• Material supplied:
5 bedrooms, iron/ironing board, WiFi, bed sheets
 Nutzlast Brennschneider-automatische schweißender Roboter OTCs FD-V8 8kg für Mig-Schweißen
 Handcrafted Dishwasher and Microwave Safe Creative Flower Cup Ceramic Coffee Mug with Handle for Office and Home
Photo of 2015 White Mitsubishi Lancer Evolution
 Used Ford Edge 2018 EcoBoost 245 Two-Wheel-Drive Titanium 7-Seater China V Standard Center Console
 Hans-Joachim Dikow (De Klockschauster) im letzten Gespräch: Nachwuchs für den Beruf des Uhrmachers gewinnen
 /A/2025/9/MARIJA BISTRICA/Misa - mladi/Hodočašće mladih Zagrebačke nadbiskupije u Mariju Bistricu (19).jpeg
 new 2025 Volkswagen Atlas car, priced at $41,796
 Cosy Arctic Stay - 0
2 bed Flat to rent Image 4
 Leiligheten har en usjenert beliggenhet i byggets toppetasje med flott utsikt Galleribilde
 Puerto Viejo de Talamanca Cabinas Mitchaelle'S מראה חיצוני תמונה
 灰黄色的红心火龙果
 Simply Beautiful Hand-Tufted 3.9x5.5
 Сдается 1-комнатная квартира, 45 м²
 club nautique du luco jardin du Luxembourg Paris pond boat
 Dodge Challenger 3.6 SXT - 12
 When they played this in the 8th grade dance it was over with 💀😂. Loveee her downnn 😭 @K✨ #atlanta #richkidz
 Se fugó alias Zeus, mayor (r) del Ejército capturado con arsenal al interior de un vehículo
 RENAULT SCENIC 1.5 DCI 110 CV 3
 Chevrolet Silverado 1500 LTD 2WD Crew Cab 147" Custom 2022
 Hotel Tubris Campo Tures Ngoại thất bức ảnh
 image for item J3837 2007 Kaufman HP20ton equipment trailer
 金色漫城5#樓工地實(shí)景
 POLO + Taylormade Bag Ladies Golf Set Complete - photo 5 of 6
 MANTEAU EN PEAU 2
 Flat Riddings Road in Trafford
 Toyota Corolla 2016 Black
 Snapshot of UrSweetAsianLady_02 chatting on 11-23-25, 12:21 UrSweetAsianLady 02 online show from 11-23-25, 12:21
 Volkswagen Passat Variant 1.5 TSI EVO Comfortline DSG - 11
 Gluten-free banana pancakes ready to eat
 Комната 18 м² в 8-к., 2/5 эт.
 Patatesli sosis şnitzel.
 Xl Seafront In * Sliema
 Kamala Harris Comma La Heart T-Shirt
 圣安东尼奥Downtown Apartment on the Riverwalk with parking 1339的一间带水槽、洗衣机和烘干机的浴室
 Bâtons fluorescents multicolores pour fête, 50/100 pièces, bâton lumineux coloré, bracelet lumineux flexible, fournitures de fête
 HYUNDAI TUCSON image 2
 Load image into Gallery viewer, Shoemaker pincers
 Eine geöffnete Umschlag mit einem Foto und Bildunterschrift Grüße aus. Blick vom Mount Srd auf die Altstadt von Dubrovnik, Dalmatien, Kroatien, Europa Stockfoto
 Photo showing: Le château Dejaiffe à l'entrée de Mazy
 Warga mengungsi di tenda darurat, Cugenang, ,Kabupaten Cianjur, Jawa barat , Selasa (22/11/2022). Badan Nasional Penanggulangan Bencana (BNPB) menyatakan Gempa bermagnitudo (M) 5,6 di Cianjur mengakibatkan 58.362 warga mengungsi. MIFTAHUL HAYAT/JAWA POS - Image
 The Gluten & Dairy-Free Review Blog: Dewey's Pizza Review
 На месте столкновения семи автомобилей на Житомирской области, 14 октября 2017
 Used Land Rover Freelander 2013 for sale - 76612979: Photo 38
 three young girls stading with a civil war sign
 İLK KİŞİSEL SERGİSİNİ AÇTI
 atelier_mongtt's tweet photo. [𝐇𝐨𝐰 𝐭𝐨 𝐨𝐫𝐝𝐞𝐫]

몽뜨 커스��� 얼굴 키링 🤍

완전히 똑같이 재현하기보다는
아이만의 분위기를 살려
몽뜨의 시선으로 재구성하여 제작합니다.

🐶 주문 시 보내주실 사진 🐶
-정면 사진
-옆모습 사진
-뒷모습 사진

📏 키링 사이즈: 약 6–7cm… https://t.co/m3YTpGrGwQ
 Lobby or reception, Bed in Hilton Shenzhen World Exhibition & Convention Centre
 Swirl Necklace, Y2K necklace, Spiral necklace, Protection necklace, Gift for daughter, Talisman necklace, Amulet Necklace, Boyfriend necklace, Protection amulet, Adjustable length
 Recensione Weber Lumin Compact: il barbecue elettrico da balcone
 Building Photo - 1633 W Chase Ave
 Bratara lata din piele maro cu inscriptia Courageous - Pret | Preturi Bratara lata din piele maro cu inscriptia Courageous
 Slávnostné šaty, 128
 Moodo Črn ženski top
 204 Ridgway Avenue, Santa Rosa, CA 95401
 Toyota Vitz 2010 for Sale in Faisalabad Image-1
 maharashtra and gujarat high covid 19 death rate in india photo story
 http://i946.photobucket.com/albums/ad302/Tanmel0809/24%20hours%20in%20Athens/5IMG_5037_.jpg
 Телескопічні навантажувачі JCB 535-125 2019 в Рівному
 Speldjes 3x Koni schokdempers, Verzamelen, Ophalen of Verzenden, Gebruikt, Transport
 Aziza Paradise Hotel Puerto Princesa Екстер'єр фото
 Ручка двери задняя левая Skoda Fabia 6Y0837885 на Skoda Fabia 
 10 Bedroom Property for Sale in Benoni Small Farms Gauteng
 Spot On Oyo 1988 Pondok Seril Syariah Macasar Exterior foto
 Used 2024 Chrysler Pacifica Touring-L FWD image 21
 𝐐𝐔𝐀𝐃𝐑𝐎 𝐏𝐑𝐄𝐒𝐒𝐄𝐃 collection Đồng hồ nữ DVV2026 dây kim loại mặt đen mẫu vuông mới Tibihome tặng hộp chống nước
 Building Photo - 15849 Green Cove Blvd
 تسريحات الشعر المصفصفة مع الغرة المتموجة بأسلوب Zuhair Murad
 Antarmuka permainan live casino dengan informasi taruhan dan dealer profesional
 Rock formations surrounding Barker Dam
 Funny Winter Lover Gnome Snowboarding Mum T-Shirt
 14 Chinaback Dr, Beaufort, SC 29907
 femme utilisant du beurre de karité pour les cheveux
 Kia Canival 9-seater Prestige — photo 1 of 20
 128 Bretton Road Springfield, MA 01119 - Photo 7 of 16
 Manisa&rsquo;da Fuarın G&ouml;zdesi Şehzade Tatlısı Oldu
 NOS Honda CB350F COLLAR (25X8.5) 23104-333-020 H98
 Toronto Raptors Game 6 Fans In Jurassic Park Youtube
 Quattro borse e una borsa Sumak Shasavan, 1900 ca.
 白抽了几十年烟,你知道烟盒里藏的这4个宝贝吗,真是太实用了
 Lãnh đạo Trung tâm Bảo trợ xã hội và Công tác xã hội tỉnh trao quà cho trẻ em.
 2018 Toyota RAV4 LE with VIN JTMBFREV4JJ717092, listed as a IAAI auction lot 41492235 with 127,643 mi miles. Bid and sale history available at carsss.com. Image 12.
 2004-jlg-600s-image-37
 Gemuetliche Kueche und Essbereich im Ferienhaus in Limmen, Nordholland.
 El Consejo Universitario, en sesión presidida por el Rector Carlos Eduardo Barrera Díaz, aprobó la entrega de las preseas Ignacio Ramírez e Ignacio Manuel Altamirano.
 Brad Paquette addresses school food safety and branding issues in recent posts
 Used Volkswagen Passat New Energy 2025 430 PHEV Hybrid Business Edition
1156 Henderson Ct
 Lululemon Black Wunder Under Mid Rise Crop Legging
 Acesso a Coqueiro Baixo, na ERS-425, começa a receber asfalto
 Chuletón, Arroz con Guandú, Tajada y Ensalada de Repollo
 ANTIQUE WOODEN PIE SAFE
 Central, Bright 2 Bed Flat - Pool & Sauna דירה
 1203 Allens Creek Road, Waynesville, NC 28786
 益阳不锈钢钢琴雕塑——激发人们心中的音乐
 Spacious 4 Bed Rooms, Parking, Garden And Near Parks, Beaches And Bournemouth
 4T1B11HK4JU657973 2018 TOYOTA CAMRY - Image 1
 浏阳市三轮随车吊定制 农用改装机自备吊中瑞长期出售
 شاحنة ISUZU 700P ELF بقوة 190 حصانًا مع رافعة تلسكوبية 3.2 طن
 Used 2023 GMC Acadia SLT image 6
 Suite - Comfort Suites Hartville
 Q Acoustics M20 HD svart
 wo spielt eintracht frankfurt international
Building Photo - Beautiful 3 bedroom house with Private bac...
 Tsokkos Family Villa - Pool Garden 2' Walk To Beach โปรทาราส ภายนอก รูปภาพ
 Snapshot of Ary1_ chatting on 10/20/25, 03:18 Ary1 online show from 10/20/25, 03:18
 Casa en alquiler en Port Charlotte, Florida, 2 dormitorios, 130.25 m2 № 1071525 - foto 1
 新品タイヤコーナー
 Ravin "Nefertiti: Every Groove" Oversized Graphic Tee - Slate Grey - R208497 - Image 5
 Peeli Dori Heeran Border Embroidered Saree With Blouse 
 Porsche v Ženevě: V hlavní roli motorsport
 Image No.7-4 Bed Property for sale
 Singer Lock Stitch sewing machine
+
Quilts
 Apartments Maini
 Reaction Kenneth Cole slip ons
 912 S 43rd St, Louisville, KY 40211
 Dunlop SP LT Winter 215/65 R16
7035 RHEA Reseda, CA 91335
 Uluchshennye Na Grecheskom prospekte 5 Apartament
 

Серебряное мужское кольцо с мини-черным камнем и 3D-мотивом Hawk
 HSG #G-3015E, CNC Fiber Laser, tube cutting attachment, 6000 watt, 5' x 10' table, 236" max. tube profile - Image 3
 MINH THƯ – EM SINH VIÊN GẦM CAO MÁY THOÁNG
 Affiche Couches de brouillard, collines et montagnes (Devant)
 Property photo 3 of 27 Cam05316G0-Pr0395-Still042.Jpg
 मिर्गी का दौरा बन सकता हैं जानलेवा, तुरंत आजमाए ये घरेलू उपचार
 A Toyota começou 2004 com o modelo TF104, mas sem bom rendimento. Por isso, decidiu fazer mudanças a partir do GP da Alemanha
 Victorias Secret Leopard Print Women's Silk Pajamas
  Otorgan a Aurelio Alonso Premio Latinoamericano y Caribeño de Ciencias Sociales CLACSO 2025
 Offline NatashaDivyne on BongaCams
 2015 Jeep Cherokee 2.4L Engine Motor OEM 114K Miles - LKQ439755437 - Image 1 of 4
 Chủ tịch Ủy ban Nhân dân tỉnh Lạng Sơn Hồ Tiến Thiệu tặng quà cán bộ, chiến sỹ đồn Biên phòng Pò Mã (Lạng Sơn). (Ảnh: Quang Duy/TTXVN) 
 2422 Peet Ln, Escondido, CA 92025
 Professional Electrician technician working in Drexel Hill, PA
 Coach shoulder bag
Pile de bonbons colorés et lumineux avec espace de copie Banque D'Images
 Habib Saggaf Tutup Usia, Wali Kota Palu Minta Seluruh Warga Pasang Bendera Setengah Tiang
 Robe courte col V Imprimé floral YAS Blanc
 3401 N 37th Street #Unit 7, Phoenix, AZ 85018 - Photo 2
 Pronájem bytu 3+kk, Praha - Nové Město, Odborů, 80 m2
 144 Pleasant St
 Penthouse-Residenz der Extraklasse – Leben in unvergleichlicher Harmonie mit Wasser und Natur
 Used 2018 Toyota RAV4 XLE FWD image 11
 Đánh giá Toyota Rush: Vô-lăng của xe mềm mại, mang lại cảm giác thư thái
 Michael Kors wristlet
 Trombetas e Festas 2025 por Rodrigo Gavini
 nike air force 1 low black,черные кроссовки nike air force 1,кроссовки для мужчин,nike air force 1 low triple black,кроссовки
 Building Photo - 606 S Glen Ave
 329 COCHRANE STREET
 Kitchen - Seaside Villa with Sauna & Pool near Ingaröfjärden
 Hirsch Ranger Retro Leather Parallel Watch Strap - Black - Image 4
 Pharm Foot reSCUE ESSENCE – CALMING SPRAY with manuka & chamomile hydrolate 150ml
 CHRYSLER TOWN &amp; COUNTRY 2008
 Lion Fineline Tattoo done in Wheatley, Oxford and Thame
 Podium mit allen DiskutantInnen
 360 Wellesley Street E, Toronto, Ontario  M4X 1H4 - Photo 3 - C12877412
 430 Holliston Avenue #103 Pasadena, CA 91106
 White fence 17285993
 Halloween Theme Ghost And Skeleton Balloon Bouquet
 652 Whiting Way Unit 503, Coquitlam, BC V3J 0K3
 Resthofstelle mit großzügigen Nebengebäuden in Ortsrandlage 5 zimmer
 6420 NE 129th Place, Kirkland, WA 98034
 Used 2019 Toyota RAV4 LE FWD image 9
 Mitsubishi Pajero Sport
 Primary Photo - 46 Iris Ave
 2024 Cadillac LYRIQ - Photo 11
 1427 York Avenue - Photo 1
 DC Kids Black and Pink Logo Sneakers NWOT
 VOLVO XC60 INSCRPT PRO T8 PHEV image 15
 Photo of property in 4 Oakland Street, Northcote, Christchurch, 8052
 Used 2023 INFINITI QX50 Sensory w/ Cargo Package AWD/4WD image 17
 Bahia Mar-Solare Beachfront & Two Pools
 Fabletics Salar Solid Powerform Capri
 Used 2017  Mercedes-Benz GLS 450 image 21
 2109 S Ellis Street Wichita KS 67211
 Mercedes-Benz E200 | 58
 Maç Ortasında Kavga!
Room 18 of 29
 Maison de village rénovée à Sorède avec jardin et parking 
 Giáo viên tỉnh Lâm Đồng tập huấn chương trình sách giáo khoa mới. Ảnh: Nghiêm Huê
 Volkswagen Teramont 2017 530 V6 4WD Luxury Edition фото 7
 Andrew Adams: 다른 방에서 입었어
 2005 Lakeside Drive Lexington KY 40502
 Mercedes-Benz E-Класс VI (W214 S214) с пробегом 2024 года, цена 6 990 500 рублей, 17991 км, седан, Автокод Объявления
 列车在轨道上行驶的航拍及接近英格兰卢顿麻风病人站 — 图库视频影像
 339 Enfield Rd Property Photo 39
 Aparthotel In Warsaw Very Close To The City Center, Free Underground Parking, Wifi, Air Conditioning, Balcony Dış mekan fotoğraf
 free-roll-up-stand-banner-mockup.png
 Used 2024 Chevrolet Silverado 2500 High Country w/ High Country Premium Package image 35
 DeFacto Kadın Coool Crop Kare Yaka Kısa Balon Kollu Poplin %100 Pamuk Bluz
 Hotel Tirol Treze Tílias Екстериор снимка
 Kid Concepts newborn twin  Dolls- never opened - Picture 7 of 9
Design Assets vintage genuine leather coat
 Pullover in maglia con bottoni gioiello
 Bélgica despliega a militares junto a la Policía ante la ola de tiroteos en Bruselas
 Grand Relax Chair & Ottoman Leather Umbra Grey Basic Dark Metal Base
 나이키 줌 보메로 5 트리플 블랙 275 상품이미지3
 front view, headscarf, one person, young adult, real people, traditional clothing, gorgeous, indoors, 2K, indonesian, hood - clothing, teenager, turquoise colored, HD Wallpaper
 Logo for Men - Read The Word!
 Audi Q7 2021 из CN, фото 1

• What you need to do: Reproduce verbatim the lines above, from the line with "CHRYSLER TOWN &amp; COUNTRY 2008" through the line with "Hotel Tirol Treze Tílias Екстериор снимка".

• Exercise output:
 CHRYSLER TOWN &amp; COUNTRY 2008
 Lion Fineline Tattoo done in Wheatley, Oxford and Thame
 Podium mit allen DiskutantInnen
 360 Wellesley Street E, Toronto, Ontario  M4X 1H4 - Photo 3 - C12877412
 430 Holliston Avenue #103 Pasadena, CA 91106
 White fence 17285993
 Halloween Theme Ghost And Skeleton Balloon Bouquet
 652 Whiting Way Unit 503, Coquitlam, BC V3J 0K3
 Resthofstelle mit großzügigen Nebengebäuden in Ortsrandlage 5 zimmer
 6420 NE 129th Place, Kirkland, WA 98034
 Used 2019 Toyota RAV4 LE FWD image 9
 Mitsubishi Pajero Sport
 Primary Photo - 46 Iris Ave
 2024 Cadillac LYRIQ - Photo 11
 1427 York Avenue - Photo 1
 DC Kids Black and Pink Logo Sneakers NWOT
 VOLVO XC60 INSCRPT PRO T8 PHEV image 15
 Photo of property in 4 Oakland Street, Northcote, Christchurch, 8052
 Used 2023 INFINITI QX50 Sensory w/ Cargo Package AWD/4WD image 17
 Bahia Mar-Solare Beachfront & Two Pools
 Fabletics Salar Solid Powerform Capri
 Used 2017  Mercedes-Benz GLS 450 image 21
 2109 S Ellis Street Wichita KS 67211
 Mercedes-Benz E200 | 58
 Maç Ortasında Kavga!
Room 18 of 29
 Maison de village rénovée à Sorède avec jardin et parking 
 Giáo viên tỉnh Lâm Đồng tập huấn chương trình sách giáo khoa mới. Ảnh: Nghiêm Huê
 Volkswagen Teramont 2017 530 V6 4WD Luxury Edition фото 7
 Andrew Adams: 다른 방에서 입었어
 2005 Lakeside Drive Lexington KY 40502
 Mercedes-Benz E-Класс VI (W214 S214) с пробегом 2024 года, цена 6 990 500 рублей, 17991 км, седан, Автокод Объявления
 列车在轨道上行驶的航拍及接近英格兰卢顿麻风病人站 — 图库视频影像
 339 Enfield Rd Property Photo 39
 Aparthotel In Warsaw Very Close To The City Center, Free Underground Parking, Wifi, Air Conditioning, Balcony Dış mekan fotoğraf
 free-roll-up-stand-banner-mockup.png
 Used 2024 Chevrolet Silverado 2500 High Country w/ High Country Premium Package image 35
 DeFacto Kadın Coool Crop Kare Yaka Kısa Balon Kollu Poplin %100 Pamuk Bluz
 Hotel Tirol Treze Tílias Екстериор снимка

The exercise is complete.